Benny Borell has a photographic studio in Solleftea in Sweden. Solleftea also has a huge, eye watering liquor store and an elegant cafe with good coffee and overpriced open sandwiches. Benny Borell is a professional photographer and I enjoyed meeting him. I wish I could forward this note to him to tell him so but he has no computer. That says a lot, these days, about a professional commercial photographer.
Benny’s studio is full of cameras with bellows and beautifully crafted Hasselblads carved out of solid pieces of aluminium. He has a darkroom that smells of chemicals and an anti-room where enlargers of complex shapes and designs are stored. Above the darkroom is a framing workshop with the same pile of strewn about mouldings that can be seen in any framing studio anywhere you look.
On the front of Benny’s work brochure is a black and white photograph of people dancing in front of a well dressed fiddle and accordion band. The photograph could have been taken any time in the late 1940’s or the 1950’s but it has Benny Borell’s name at the side of it crediting him as the maker. Benny would have been a very young photographer indeed to have made the photograph at the time it seems to depict but he has, underneath the picture, a quote from Edward Weston which encourages you to think about the photograph’s honesty.
The quote, roughly translated from the Swedish, reads, “Only if you strive may the camera be forced to lie.”

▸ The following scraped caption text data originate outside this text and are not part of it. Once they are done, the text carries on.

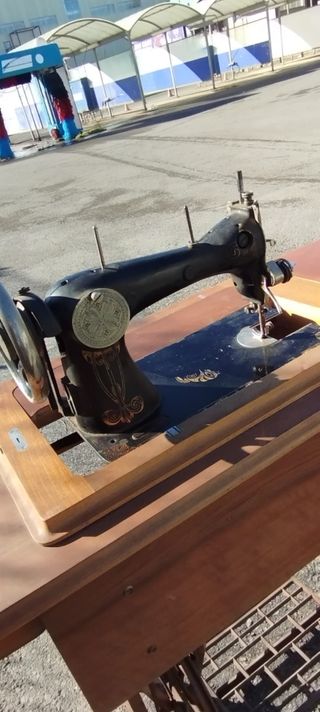 Máquina de coser antigua con mesa Alfa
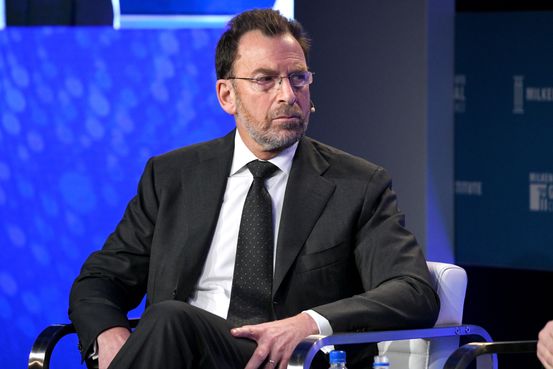 Edgar Bronfman Prepares Bid for Paramount and Parent Company National Amusements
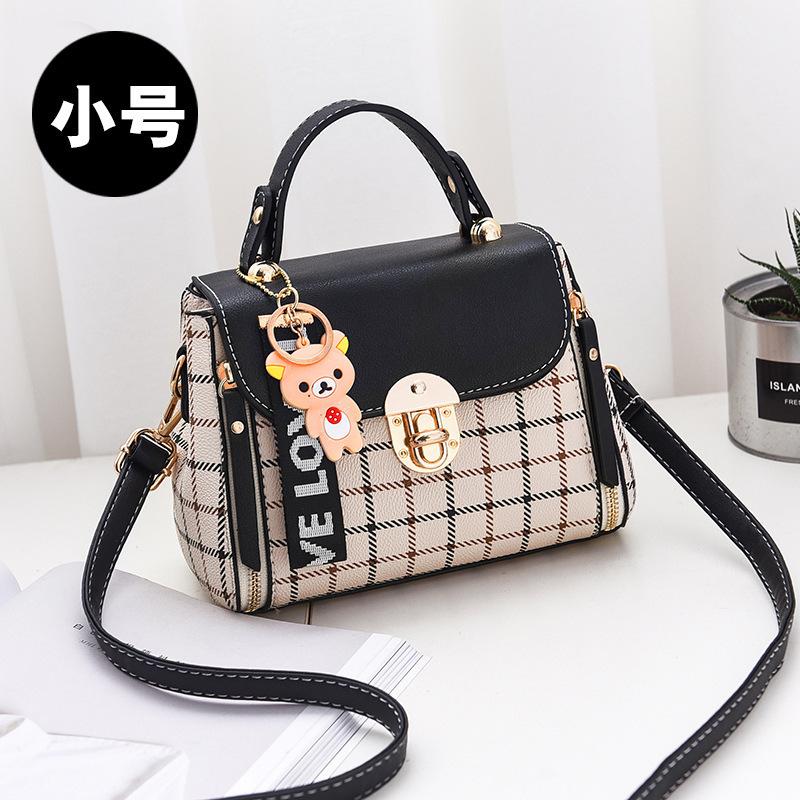 Autumn and winter new trendy fashion simple shoulder small square bag Korean version versatile messenger bag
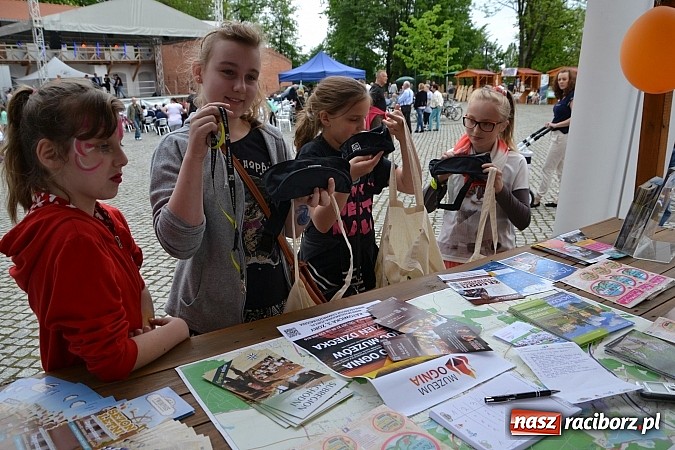Zdjęcie w galerii na portalu naszraciborz.pl: Święto Subregionu Zachodniego Województwa Śląskiego na Zamku Piastowskim w Raciborzu wiadomości z regionu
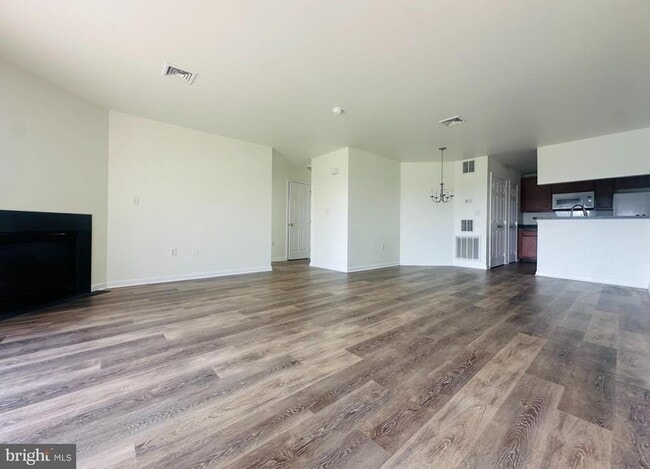 Building Photo - 119 Hawk Ct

Amongst the work of Edward Weston, a wonderful American photographer, is a series of images which I have always thought of as erotic vegetables. Beautifully rendered images of peppers with languid curves and shadows which immediately take your mind to the human body. He was working at a time when there was surprise in finding sexuality in flowers painted by his friend Georgia O’Keeffe.
There isn’t any lying in those pictures, just looking closely, but about a decade before Robert Frank took off on his road trip which became ‘The Americans’ photo series, Edward Weston took a similar trip with the aim of making photographs which would sit with Walt Whitman’s ‘Leaves of Grass’.
Weston’s wife, who accompanied him on the trip, complained to him that he was too fond of seeking out the unusual, visually stimulating and extreme parts of American life and that his pictures didn’t show what they claimed to, the ordinary experience of Americans, at all.
I think that, if they ever existed, the days of working hard, striving, to force the camera to lie are long since past.
Photographers have always, like Edward Weston, chosen which bit of the truth to tell, which bit of reality to show, which part of an event or a scene to frame, which moment to expose an image. These things define the narrative of an image and establishes its truth. Added to this sort of choice it is now easier than ever to alter reality in a digital file and represent your experience in your own chosen way. This is the photographer as artist showing the world not as it is but as he or she feels it to be.
Is there anything wrong with being comfortable with the fact that cameras lie? Absolutely not. Most photographers are no more documentary makers than most poets are journalists.
The problem is that many of us believe photographs to be recordings of the real world and, at a time when it is no longer required to have to strive too hard to force a camera to tell a lie, it is important to strive to make the camera tell the truth when the truth needs to be told.
I enjoy the idea of Benny Borell seeing the world through ground glass and chemicals and keeping far, far away from computers. I like it that he might be interested enough in whatever meaning photography has wrapped up in it to add riddles into his commercial brochure.
There seems to be a little more chance of somehow making honest photographic images with cameras, lenses and film than with digital files. That may be an entirely romantic notion but I’m looking at some of the lovely instruments I have in my room tucked in beside the screens and thinking about the work and ingenuity that went into making photographs with them. I have some unpredictable, out of date film to load into them so thank you Benny Borell for the interesting little thought journey that our short meeting inaugurated.